[YOUR GOAL]
For the records that follow, please set down exactly the lines between the one holding "215 Martin Road, Nymboida, NSW 2460-Image" and the one holding "Yorkie puppies available", inclusive, and only those.

[SUPPLIED DATA]
····················
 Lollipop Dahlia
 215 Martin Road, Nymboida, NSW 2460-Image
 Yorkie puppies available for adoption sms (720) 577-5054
····················
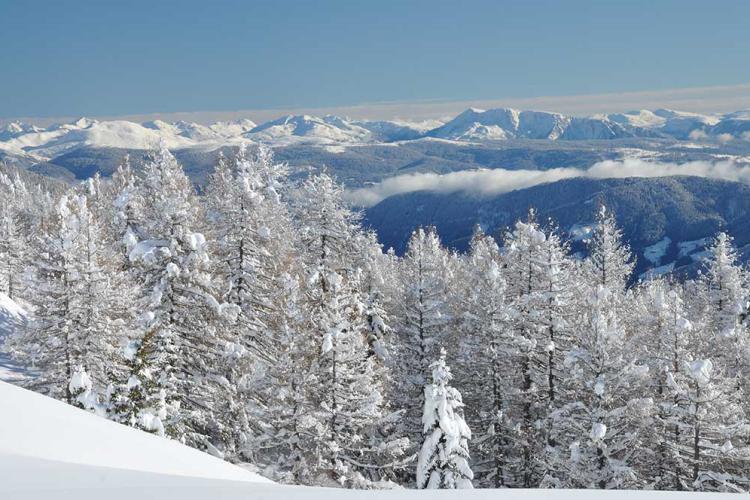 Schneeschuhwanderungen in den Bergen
····················
[TASK ANSWER]
 215 Martin Road, Nymboida, NSW 2460-Image
 Yorkie puppies available for adoption sms (720) 577-5054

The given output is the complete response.